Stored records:
________________________________________

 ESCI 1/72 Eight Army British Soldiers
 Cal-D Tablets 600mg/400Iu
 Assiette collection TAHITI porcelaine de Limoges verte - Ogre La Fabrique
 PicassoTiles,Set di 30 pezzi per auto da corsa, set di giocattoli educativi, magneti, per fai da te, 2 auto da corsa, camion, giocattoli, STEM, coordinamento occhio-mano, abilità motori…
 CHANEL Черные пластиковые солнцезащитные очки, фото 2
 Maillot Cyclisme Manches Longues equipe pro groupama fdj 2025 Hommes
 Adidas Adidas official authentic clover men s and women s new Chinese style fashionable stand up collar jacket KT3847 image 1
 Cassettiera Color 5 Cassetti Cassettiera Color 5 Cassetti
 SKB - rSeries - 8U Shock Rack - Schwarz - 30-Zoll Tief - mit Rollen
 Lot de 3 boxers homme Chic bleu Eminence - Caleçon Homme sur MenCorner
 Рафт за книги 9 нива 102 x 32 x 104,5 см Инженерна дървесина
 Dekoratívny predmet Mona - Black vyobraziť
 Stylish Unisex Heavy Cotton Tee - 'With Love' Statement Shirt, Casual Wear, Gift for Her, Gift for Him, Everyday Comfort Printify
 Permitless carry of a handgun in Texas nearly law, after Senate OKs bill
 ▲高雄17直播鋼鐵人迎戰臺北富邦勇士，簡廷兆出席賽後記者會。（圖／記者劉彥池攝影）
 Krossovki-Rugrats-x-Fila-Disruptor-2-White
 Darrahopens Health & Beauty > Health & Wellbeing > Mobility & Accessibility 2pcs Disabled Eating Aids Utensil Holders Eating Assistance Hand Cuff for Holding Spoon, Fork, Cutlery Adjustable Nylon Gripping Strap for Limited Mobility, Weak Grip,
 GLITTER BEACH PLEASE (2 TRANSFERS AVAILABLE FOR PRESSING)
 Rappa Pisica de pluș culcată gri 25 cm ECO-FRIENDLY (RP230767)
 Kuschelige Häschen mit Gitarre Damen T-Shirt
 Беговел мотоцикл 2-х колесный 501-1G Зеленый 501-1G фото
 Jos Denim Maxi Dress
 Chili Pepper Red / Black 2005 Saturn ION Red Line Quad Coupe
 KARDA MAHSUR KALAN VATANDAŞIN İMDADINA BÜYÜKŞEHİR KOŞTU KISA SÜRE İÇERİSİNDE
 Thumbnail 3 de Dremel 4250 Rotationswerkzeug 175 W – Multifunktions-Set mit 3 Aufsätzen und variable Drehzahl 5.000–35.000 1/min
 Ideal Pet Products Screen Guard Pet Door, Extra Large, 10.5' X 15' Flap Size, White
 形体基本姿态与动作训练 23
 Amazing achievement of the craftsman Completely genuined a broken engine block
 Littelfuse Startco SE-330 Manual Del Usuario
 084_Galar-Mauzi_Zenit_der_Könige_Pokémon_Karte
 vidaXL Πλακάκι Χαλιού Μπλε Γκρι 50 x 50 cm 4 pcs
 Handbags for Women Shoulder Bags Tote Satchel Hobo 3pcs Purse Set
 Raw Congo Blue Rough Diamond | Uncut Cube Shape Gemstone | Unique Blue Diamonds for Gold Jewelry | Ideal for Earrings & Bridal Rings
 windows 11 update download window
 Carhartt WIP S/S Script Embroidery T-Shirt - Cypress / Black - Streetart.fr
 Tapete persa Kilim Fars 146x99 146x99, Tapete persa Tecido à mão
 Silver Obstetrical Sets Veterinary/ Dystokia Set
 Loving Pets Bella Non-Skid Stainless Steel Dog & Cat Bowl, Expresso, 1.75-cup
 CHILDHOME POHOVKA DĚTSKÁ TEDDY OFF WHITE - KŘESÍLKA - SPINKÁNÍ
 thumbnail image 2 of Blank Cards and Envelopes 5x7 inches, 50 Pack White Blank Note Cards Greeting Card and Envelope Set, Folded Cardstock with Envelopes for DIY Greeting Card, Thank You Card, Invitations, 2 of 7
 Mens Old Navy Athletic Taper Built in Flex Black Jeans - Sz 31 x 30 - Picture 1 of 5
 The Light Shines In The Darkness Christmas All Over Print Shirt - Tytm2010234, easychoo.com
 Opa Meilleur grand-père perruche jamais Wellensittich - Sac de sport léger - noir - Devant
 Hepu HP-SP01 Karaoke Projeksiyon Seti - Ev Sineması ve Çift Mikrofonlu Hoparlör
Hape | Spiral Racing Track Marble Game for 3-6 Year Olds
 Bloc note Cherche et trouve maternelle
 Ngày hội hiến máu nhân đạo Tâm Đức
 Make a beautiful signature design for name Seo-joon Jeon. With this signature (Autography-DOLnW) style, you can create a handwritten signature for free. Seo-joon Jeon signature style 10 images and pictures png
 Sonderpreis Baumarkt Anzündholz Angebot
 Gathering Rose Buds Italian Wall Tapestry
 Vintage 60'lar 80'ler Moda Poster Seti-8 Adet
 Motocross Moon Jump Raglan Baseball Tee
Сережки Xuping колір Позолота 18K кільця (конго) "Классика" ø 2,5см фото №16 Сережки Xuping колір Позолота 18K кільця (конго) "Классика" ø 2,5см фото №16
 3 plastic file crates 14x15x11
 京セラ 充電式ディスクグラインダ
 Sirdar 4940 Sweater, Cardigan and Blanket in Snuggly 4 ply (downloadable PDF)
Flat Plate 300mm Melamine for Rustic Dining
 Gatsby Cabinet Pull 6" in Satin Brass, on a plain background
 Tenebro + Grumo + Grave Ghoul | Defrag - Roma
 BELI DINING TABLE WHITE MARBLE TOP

________________________________________

Wherever the line holding "Assiette collection TAHITI" falls in the entries above, copy exactly from it through the line holding "Littelfuse Startco SE-330 Manual Del Usuario", inclusive, and add nothing.

 Assiette collection TAHITI porcelaine de Limoges verte - Ogre La Fabrique
 PicassoTiles,Set di 30 pezzi per auto da corsa, set di giocattoli educativi, magneti, per fai da te, 2 auto da corsa, camion, giocattoli, STEM, coordinamento occhio-mano, abilità motori…
 CHANEL Черные пластиковые солнцезащитные очки, фото 2
 Maillot Cyclisme Manches Longues equipe pro groupama fdj 2025 Hommes
 Adidas Adidas official authentic clover men s and women s new Chinese style fashionable stand up collar jacket KT3847 image 1
 Cassettiera Color 5 Cassetti Cassettiera Color 5 Cassetti
 SKB - rSeries - 8U Shock Rack - Schwarz - 30-Zoll Tief - mit Rollen
 Lot de 3 boxers homme Chic bleu Eminence - Caleçon Homme sur MenCorner
 Рафт за книги 9 нива 102 x 32 x 104,5 см Инженерна дървесина
 Dekoratívny predmet Mona - Black vyobraziť
 Stylish Unisex Heavy Cotton Tee - 'With Love' Statement Shirt, Casual Wear, Gift for Her, Gift for Him, Everyday Comfort Printify
 Permitless carry of a handgun in Texas nearly law, after Senate OKs bill
 ▲高雄17直播鋼鐵人迎戰臺北富邦勇士，簡廷兆出席賽後記者會。（圖／記者劉彥池攝影）
 Krossovki-Rugrats-x-Fila-Disruptor-2-White
 Darrahopens Health & Beauty > Health & Wellbeing > Mobility & Accessibility 2pcs Disabled Eating Aids Utensil Holders Eating Assistance Hand Cuff for Holding Spoon, Fork, Cutlery Adjustable Nylon Gripping Strap for Limited Mobility, Weak Grip,
 GLITTER BEACH PLEASE (2 TRANSFERS AVAILABLE FOR PRESSING)
 Rappa Pisica de pluș culcată gri 25 cm ECO-FRIENDLY (RP230767)
 Kuschelige Häschen mit Gitarre Damen T-Shirt
 Беговел мотоцикл 2-х колесный 501-1G Зеленый 501-1G фото
 Jos Denim Maxi Dress
 Chili Pepper Red / Black 2005 Saturn ION Red Line Quad Coupe
 KARDA MAHSUR KALAN VATANDAŞIN İMDADINA BÜYÜKŞEHİR KOŞTU KISA SÜRE İÇERİSİNDE
 Thumbnail 3 de Dremel 4250 Rotationswerkzeug 175 W – Multifunktions-Set mit 3 Aufsätzen und variable Drehzahl 5.000–35.000 1/min
 Ideal Pet Products Screen Guard Pet Door, Extra Large, 10.5' X 15' Flap Size, White
 形体基本姿态与动作训练 23
 Amazing achievement of the craftsman Completely genuined a broken engine block
 Littelfuse Startco SE-330 Manual Del Usuario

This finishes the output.